• [Exercise requirements]
Please reproduce the data exactly, excluding any pictures it contains.

• [Dataset extract]
· · · · · · ·

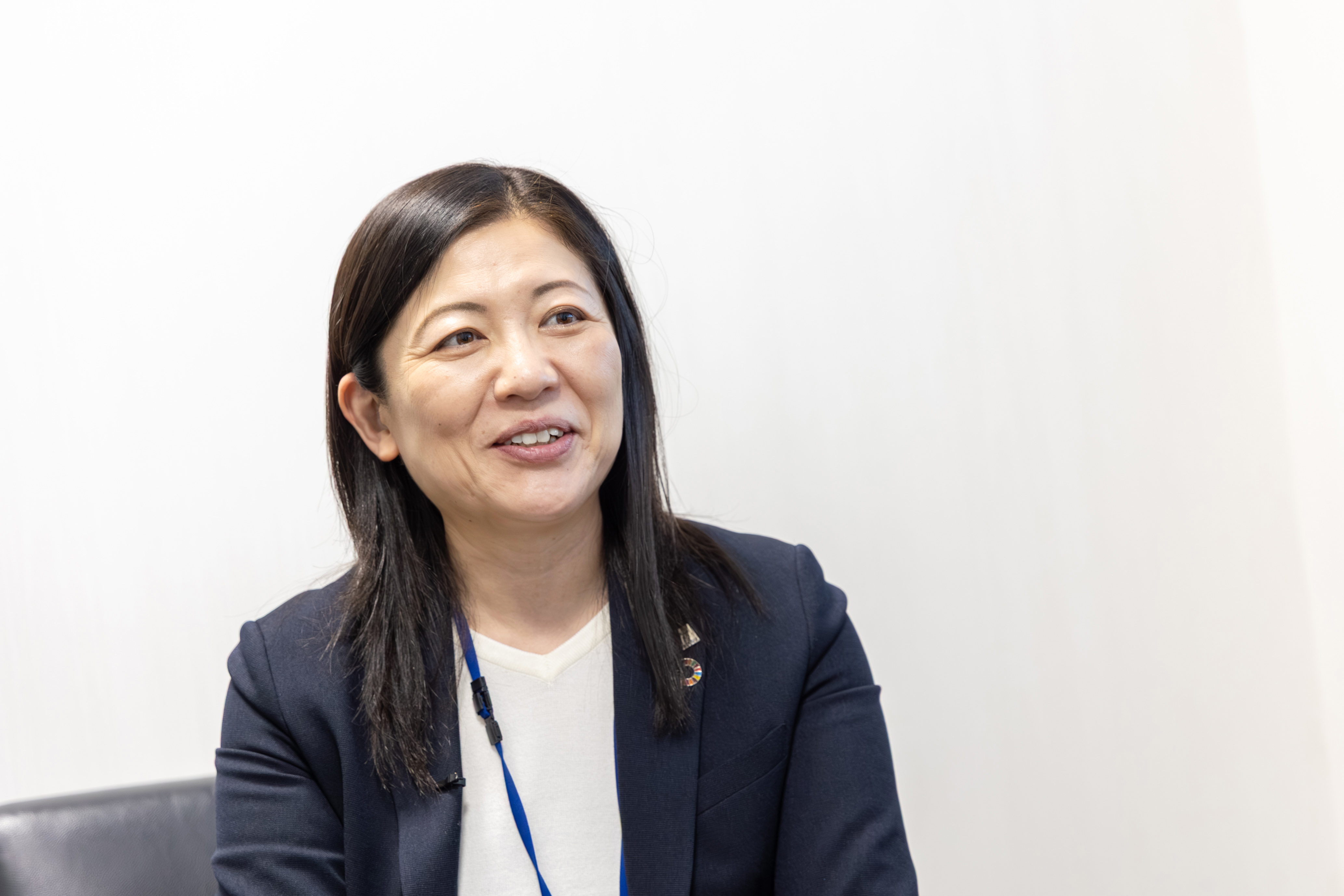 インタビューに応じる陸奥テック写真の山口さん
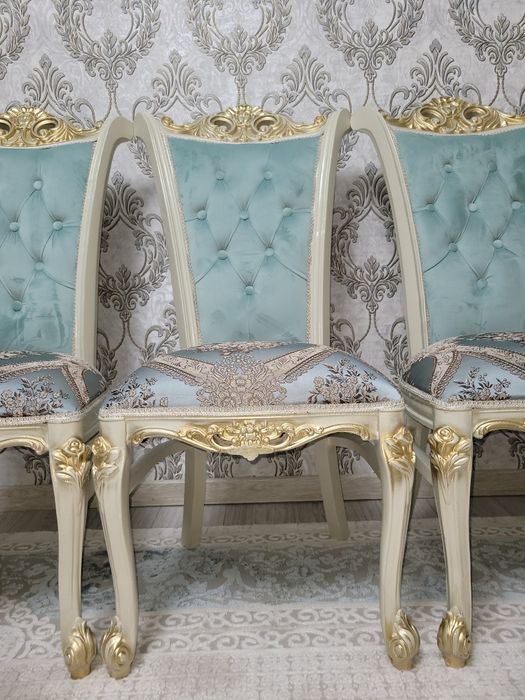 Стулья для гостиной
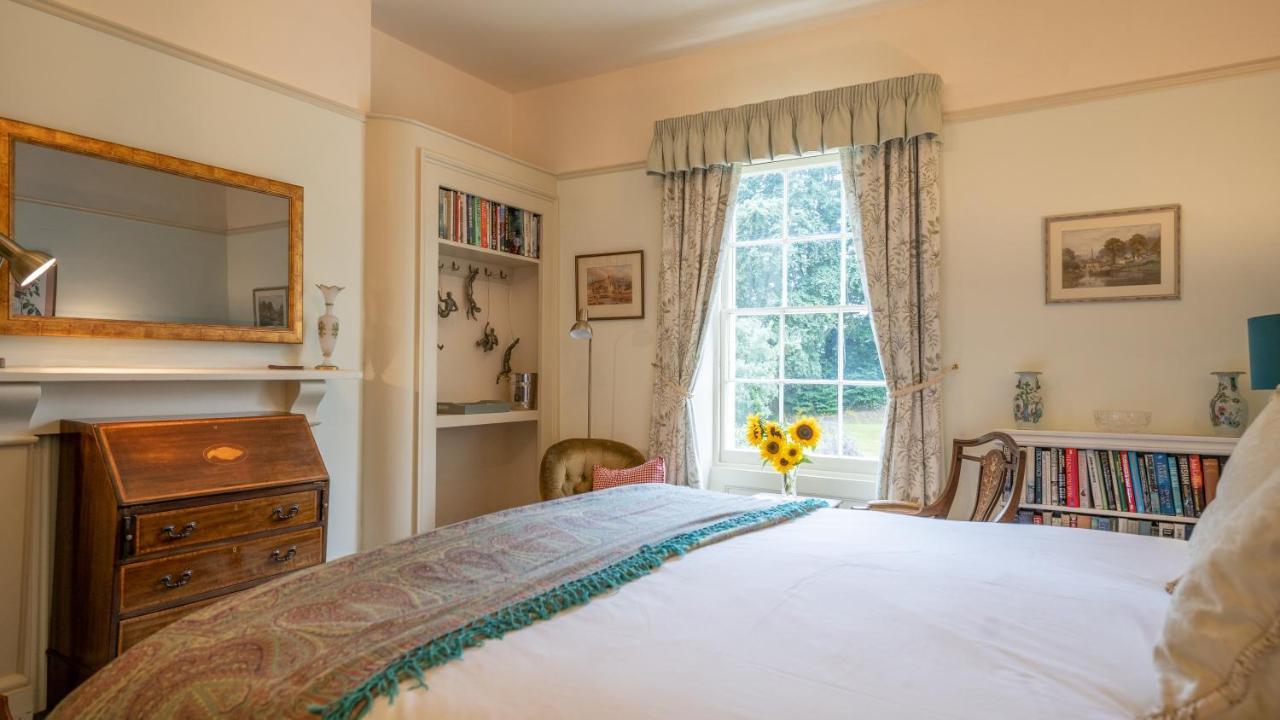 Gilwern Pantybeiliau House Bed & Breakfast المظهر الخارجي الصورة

· · · · · · ·

• [Response for this exercise]
 インタビューに応じる陸奥テック写真の山口さん
 Стулья для гостиной
 Gilwern Pantybeiliau House Bed & Breakfast المظهر الخارجي الصورة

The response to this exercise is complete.